Scraped caption text data
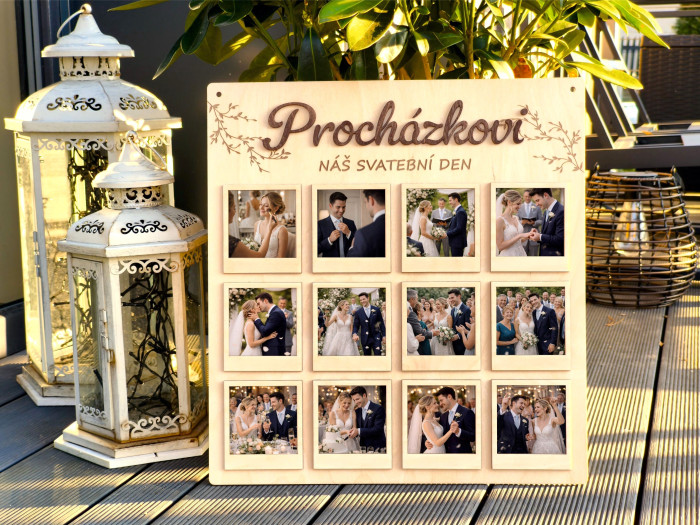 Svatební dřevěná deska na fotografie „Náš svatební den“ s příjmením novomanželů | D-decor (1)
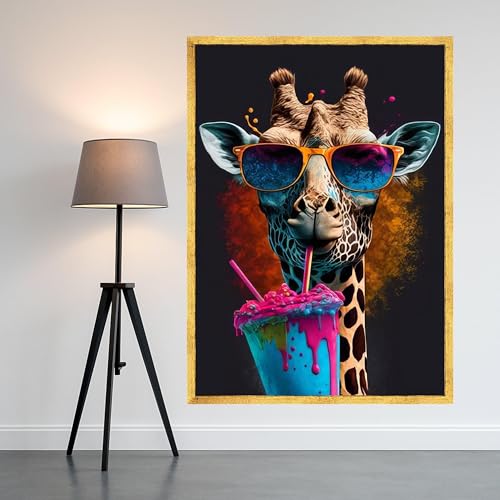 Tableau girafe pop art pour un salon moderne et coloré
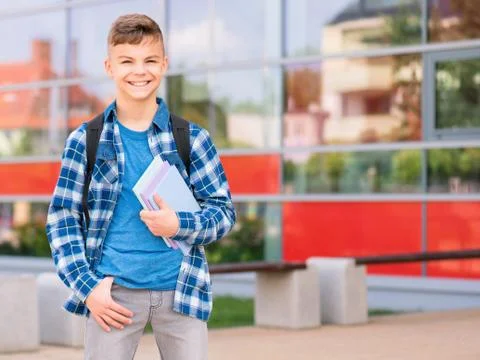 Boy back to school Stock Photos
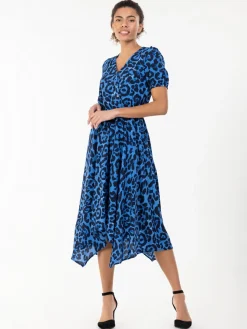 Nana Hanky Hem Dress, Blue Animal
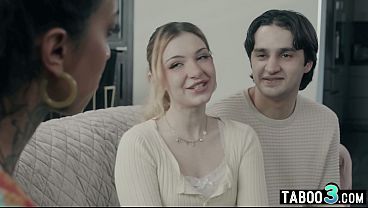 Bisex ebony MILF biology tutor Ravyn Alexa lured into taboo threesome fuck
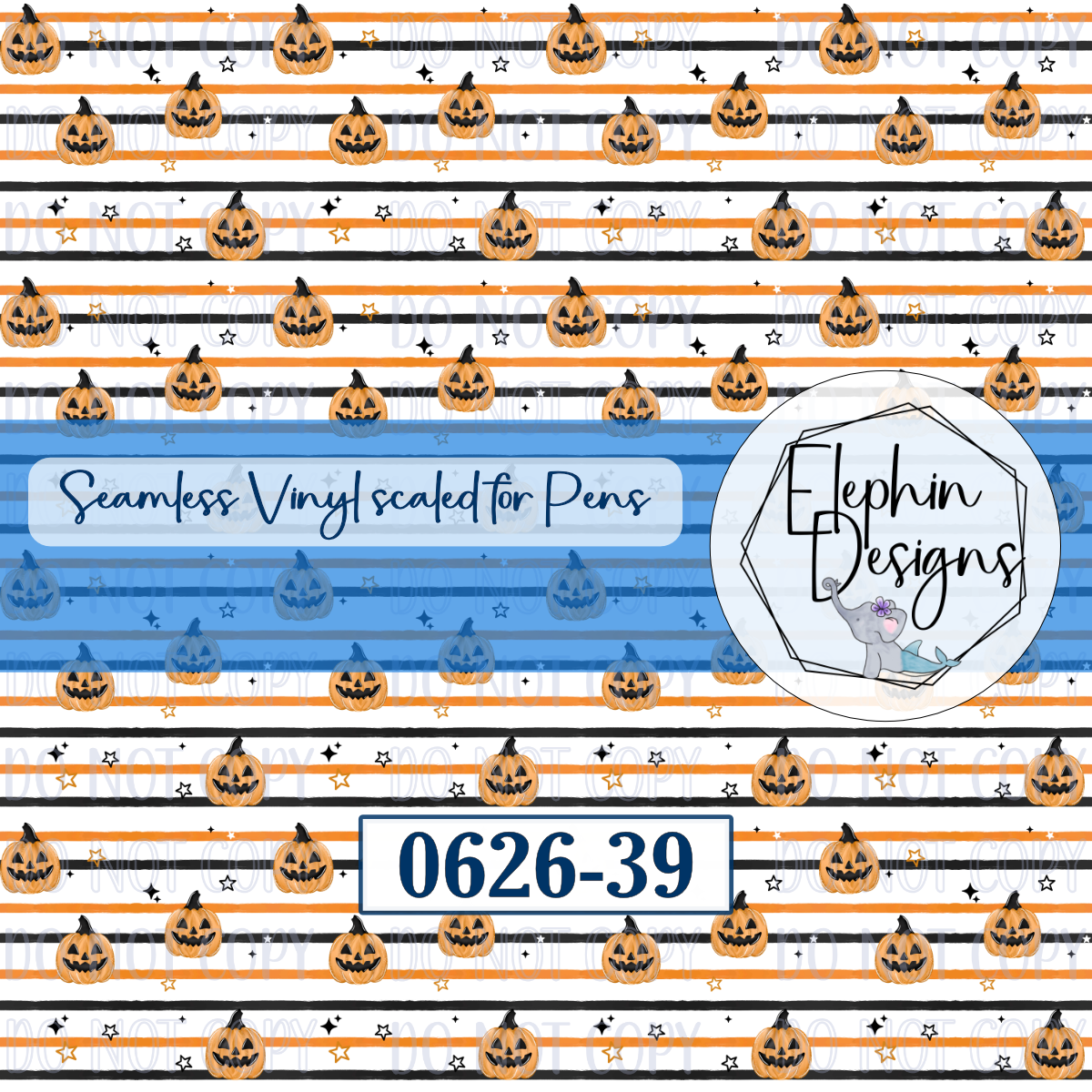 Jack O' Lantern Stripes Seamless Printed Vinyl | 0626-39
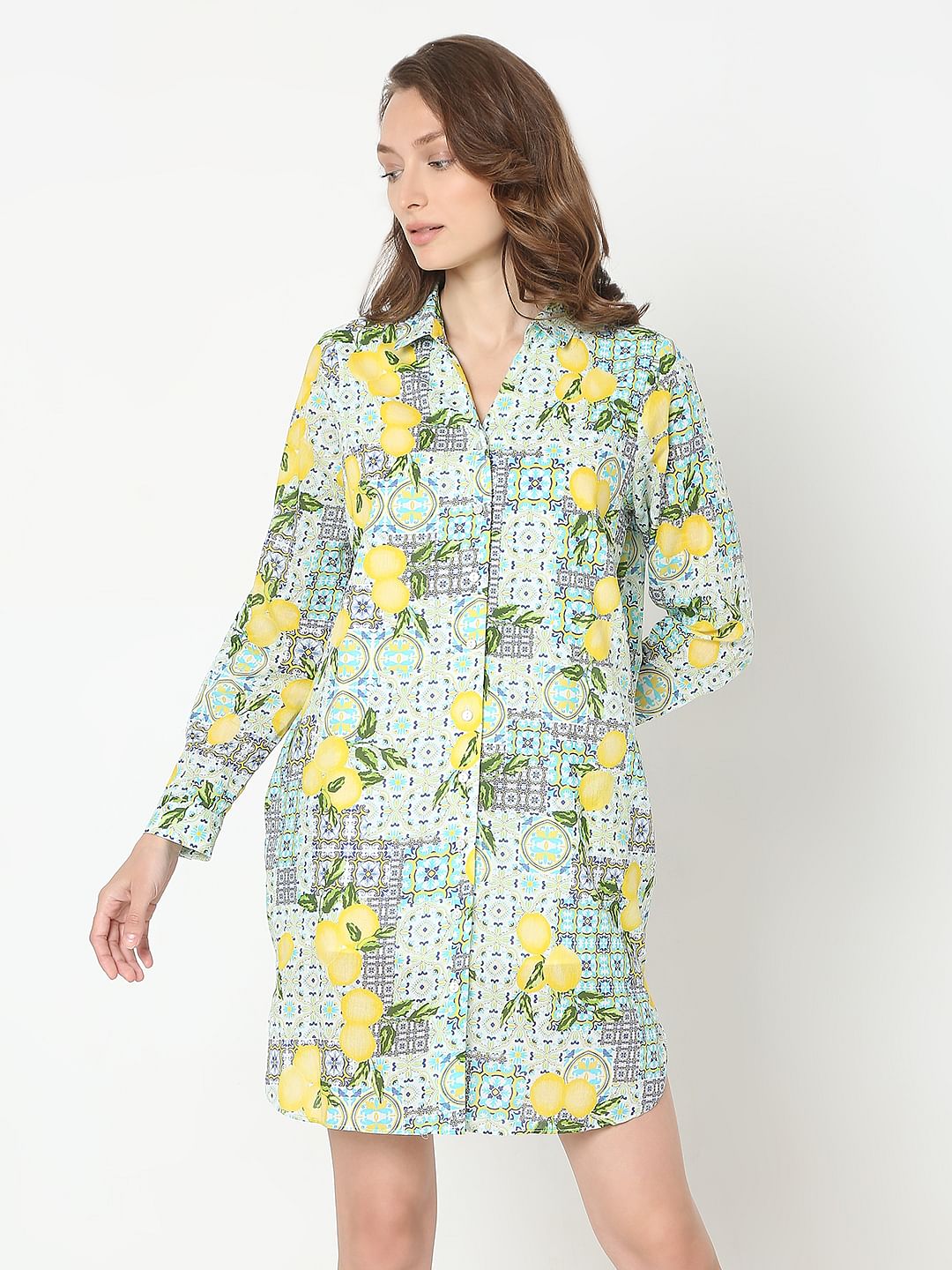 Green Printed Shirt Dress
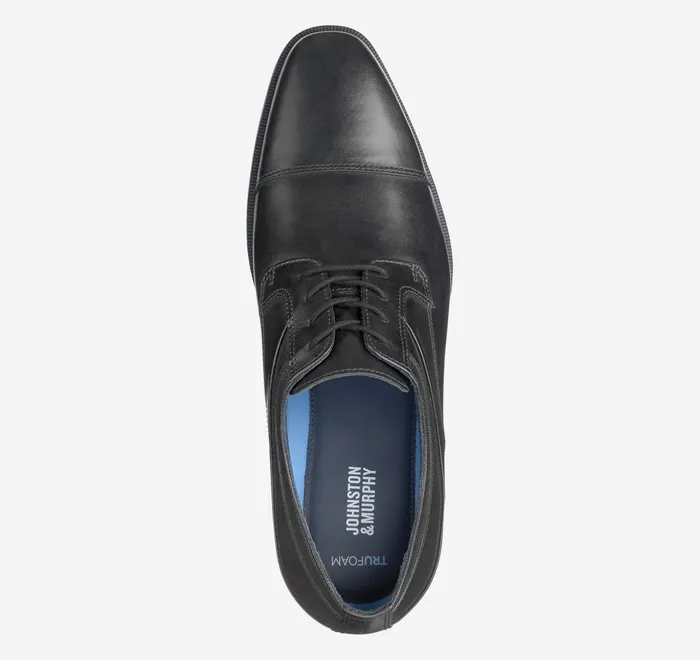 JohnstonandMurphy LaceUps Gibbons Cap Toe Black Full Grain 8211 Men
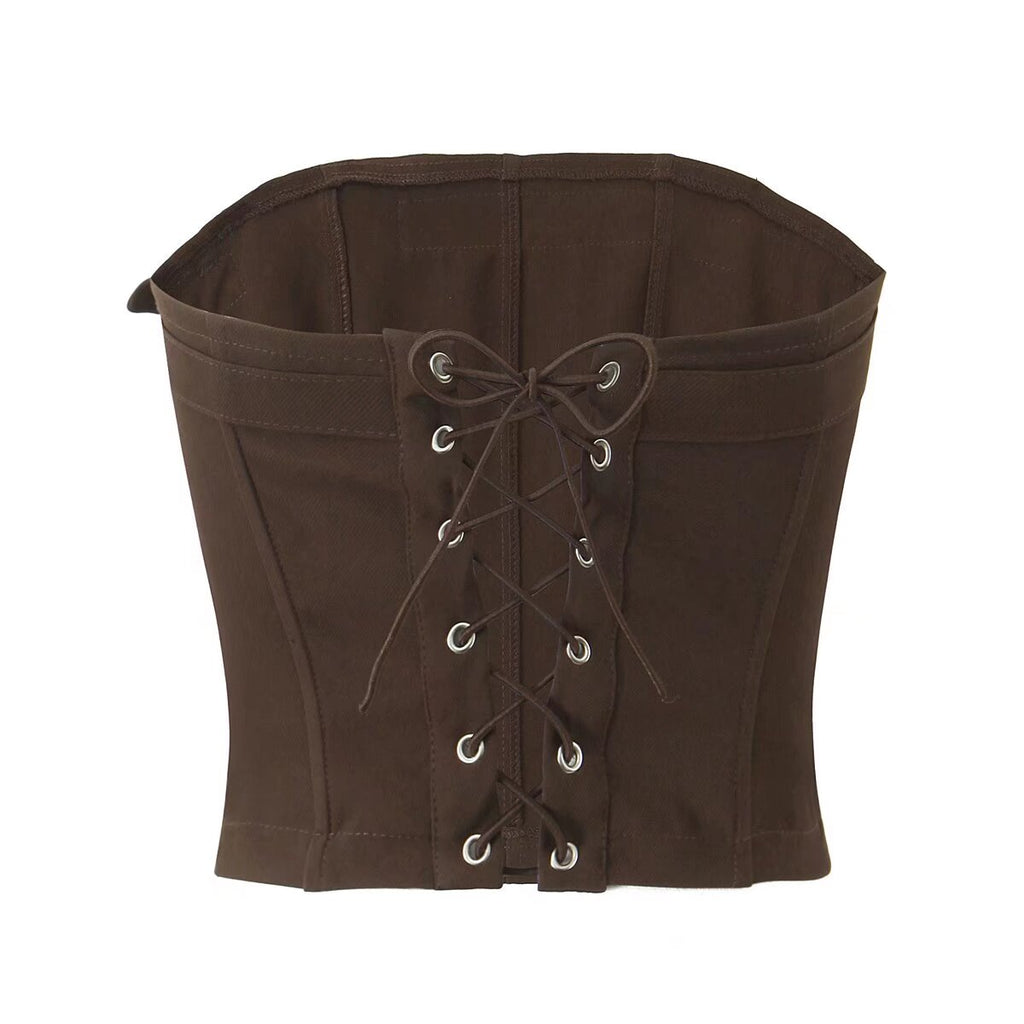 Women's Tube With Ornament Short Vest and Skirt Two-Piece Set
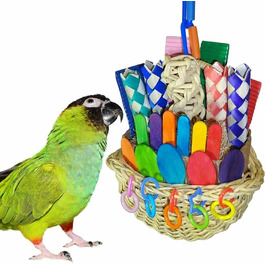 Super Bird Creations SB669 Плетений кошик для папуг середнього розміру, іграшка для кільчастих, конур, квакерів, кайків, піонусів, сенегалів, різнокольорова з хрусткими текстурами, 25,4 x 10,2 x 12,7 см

**What is required**
Although the records contain pictures, restate them word for word with those pictures left out.

**Task output**
 Svatební dřevěná deska na fotografie „Náš svatební den“ s příjmením novomanželů | D-decor (1)
 Tableau girafe pop art pour un salon moderne et coloré
 Boy back to school Stock Photos
 Nana Hanky Hem Dress, Blue Animal
 Bisex ebony MILF biology tutor Ravyn Alexa lured into taboo threesome fuck
 Jack O' Lantern Stripes Seamless Printed Vinyl | 0626-39
 Green Printed Shirt Dress
 JohnstonandMurphy LaceUps Gibbons Cap Toe Black Full Grain 8211 Men
 Women's Tube With Ornament Short Vest and Skirt Two-Piece Set
 Super Bird Creations SB669 Плетений кошик для папуг середнього розміру, іграшка для кільчастих, конур, квакерів, кайків, піонусів, сенегалів, різнокольорова з хрусткими текстурами, 25,4 x 10,2 x 12,7 см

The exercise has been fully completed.